Franny sorriu; jamais havia sido comparada à cafeína. Em seguida, ele se apresentara, e há três semanas vinham se encontrando neste mesmo local. Não era sempre que vinha. Às vezes passava

vários dias sem aparecer e ela ficava ansiosa, com um nó no estômago perguntando-se se o veria outra vez. Mas então ele aparecia e começava a conversar, sem explicar sua ausência. Ele tinha um jeito sereno, relaxado, que a deixava à vontade para falar o que quisesse. Na verdade, ela é que o deixava falar. Ele parecia não se importar, como tantas pessoas, e não a forçava a se abrir. Ele parecia saber, de forma intuitiva, que ela mudaria quando estivesse pronta. Ficava grata por isto, pois a maioria das pessoas desistia dela antes que Franny se sentisse bem com elas. E foi assim que logo se pegava pedalando na direção de Putah Creek, não pelo exercício, e sim com o simples intuito de encontrá-lo, ficando desapontada quando ele não aparecia.


Michael era professor do departamento de música; era sofisticado e inteligente. Ele não fazia o tipo que, segundo imaginara, se interessaria por ela. Não que ela tivesse um tipo específico em mente. Saíra com alguns homens, mas as coisas nunca pareciam dar certo. No mês passado, Nora a arrastara para uma festa com colegas do Bee e ela conhecera um homem. Era repórter, como Nora, e tinha cabelos louros e uma aparência tão franca, tão íntegra, uma inocência tão pueril que confiou nele instintivamente. Ele parecia sincero, mas na manhã seguinte, depois de ter dormido com ele, ele lhe disse, muito acabrunhado, que bebera demais. Franny só podia culpar a si própria. Ela jamais agira de forma tão impulsiva, dormindo com um homem que acabara de conhecer. Havia sido impetuosa demais, desesperada demais, esperando que o sexo, que nem fora tão bom assim, levasse a uma maior intimidade. Não levou. Tomaram café da manhã no Food for Thought, na rua K, mas o desconforto dele ficou patente durante toda a refeição. Ele foi educado demais, solícito demais: cometera um erro e tentava se redimir de forma cortês. Ela via apreensão, piedade e tensão em seus olhos. Se não tivesse se sentido, ela mesma, tão mal, teria sentido pena dele. Depois disso, esperou que ele telefonasse durante vários dias, e, quando viu que ele não ligaria, ela mesma ligou. Foi embaraçoso e humilhante. Talvez pudessem ser amigos, ele disse gentilmente. Ela desligou após recusar a oferta bem-intencionada porém pouco sincera.

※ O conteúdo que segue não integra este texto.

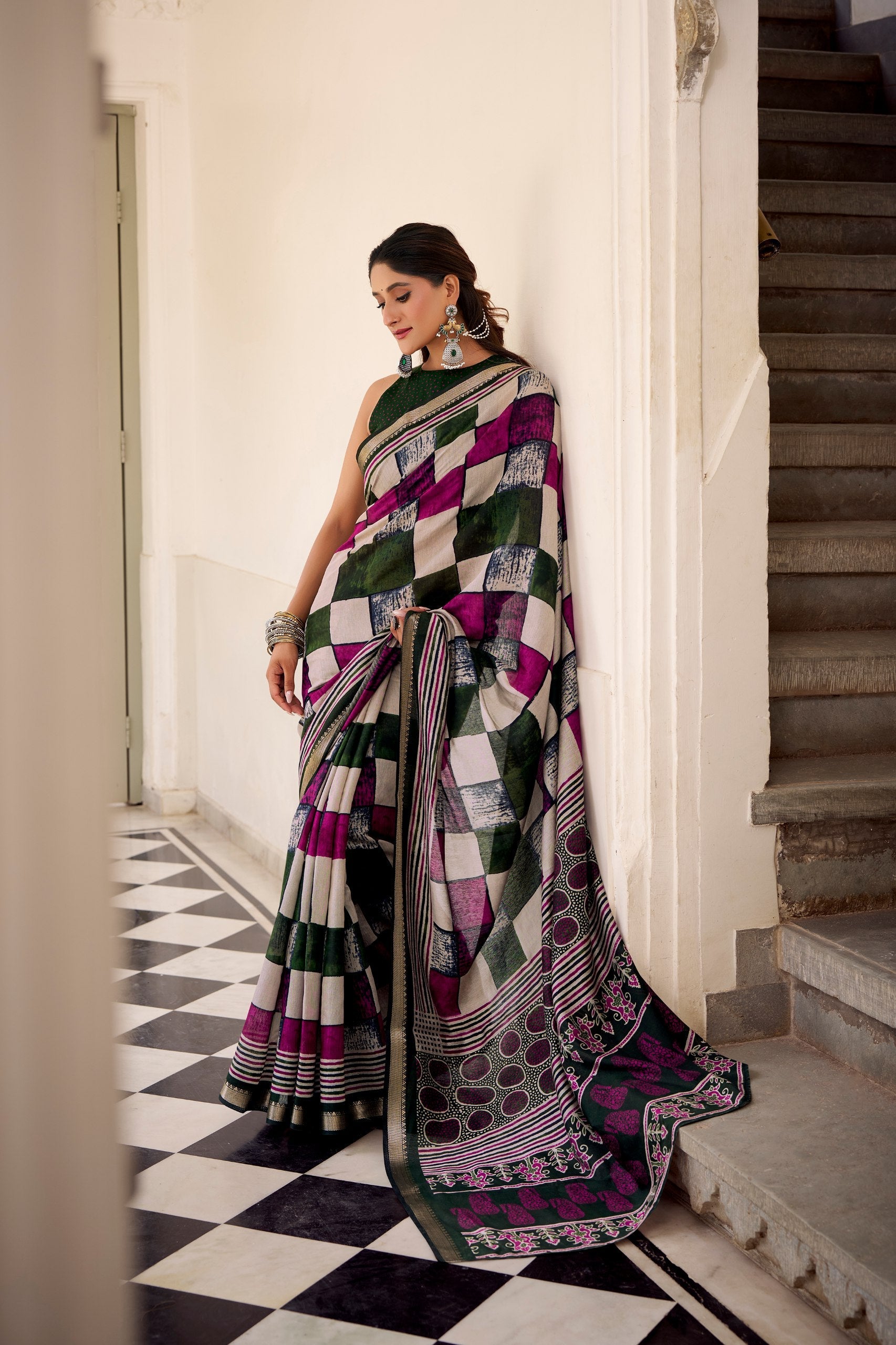 Woven whispers of royalty, wrapped in Chanderi charm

Michael jamais se comportaria assim, ela pensou de repente.Michael. Descobrira que ele tinha o dobro de sua idade, quarenta e oito anos, apenas seis anos a menos do que seu pai teria. Mas ela se sentia bem com ele, como jamais se sentira com outra pessoa. Às vezes, em casa, ela sonhava com Michael. Ela o inseria no contexto de sua vida, fingia que era seu namorado. Não tinha a mínima idéia do que ele pensava a seu respeito, nem mesmo se pensava nela. Embora fosse amável e parecesse gostar realmente dela, ele parecia fora do seu alcance.

Ouviu o ruído de passos na grama, bem atrás de onde se encontrava, e sorriu. Sabia que era Michael.